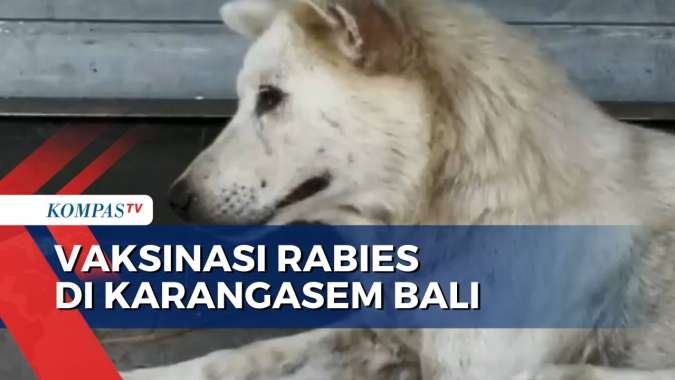 Antisipasi Merebaknya Rabies, Petugas Vaksinasi Hewan di Karangasem Bali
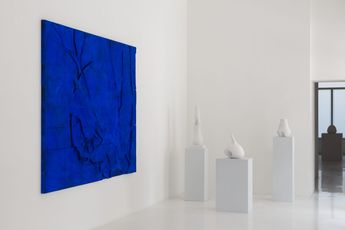 Contemporary art exhibition Pia Ortuno Down To The Roots at Cadogan Gallery Milan Italy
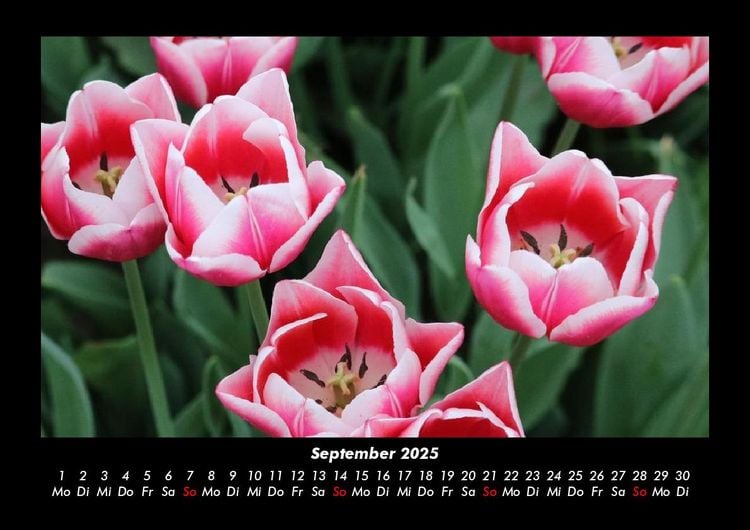Produktbild: Pflanzen und Bl&uuml;ten 2025 Fotokalender DIN A3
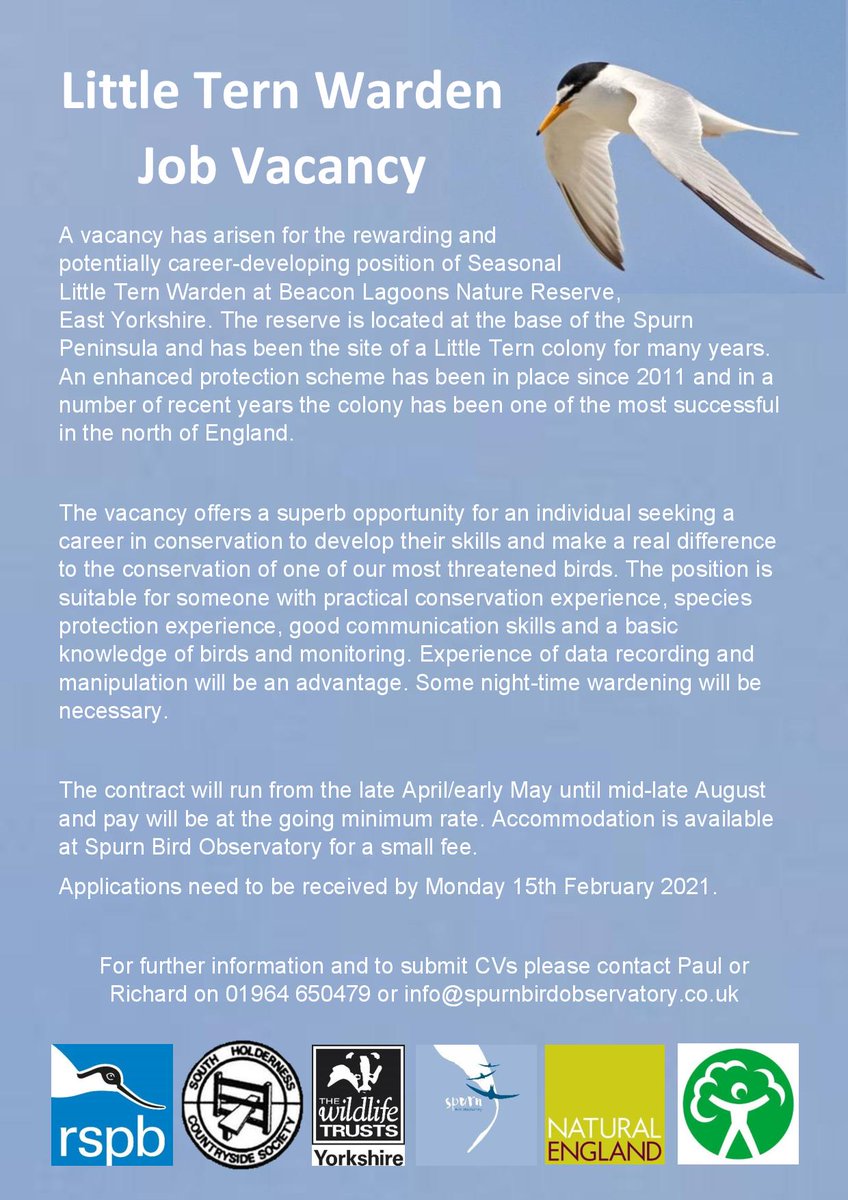 Spurn Bird Obs Spurnbirdobs Twitter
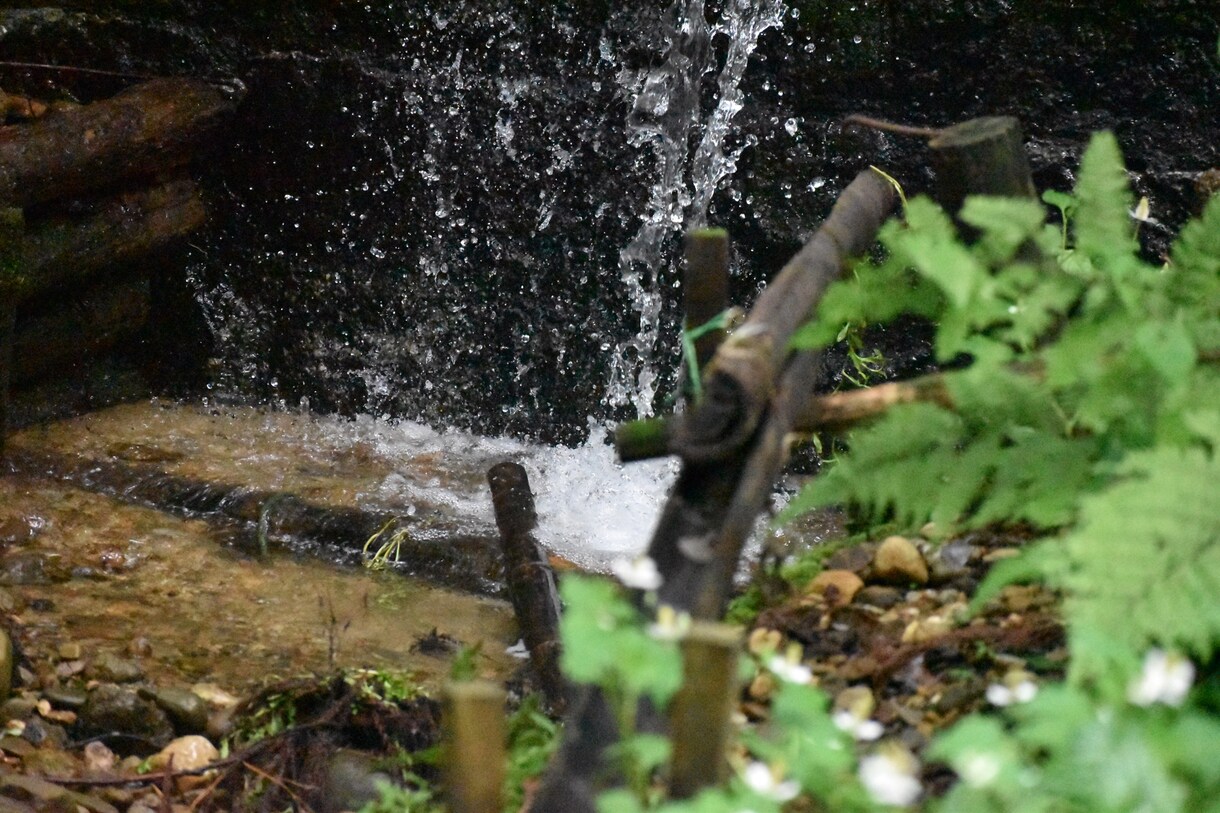 田舎の風景写真提供します アマチュアではありますが趣味で写真を撮ってます イメージ2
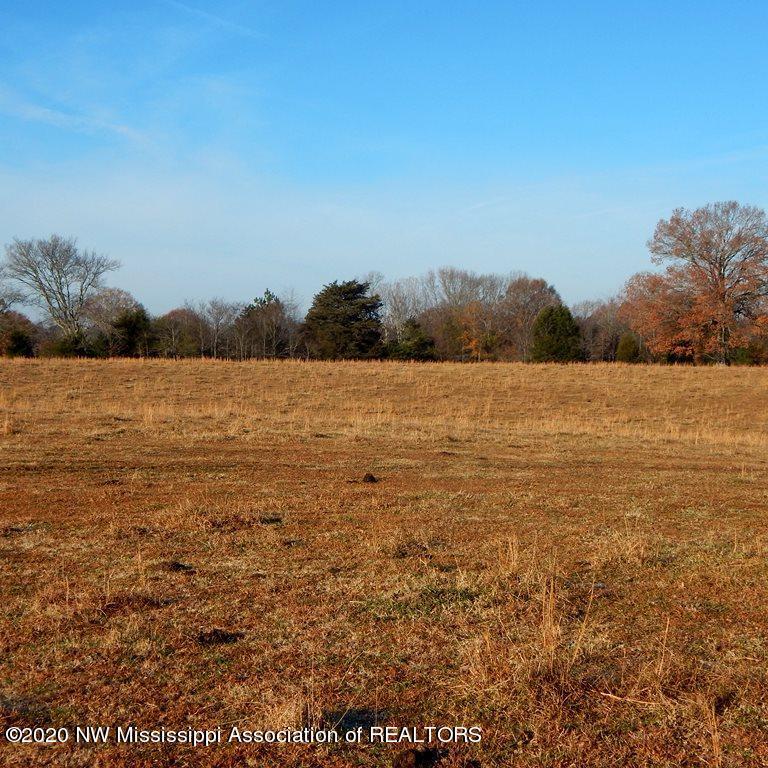 1560 Merry Hill Ranch Road Senatobia, MS 38668 - Photo 9 of 49 Gallery Image 9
____________________
What is required → Please repeat everything in the data above except the pictures, exactly as it reads.

Solution to this task →
 Antisipasi Merebaknya Rabies, Petugas Vaksinasi Hewan di Karangasem Bali
 Contemporary art exhibition Pia Ortuno Down To The Roots at Cadogan Gallery Milan Italy
Produktbild: Pflanzen und Bl&uuml;ten 2025 Fotokalender DIN A3
 Spurn Bird Obs Spurnbirdobs Twitter
 田舎の風景写真提供します アマチュアではありますが趣味で写真を撮ってます イメージ2
 1560 Merry Hill Ranch Road Senatobia, MS 38668 - Photo 9 of 49 Gallery Image 9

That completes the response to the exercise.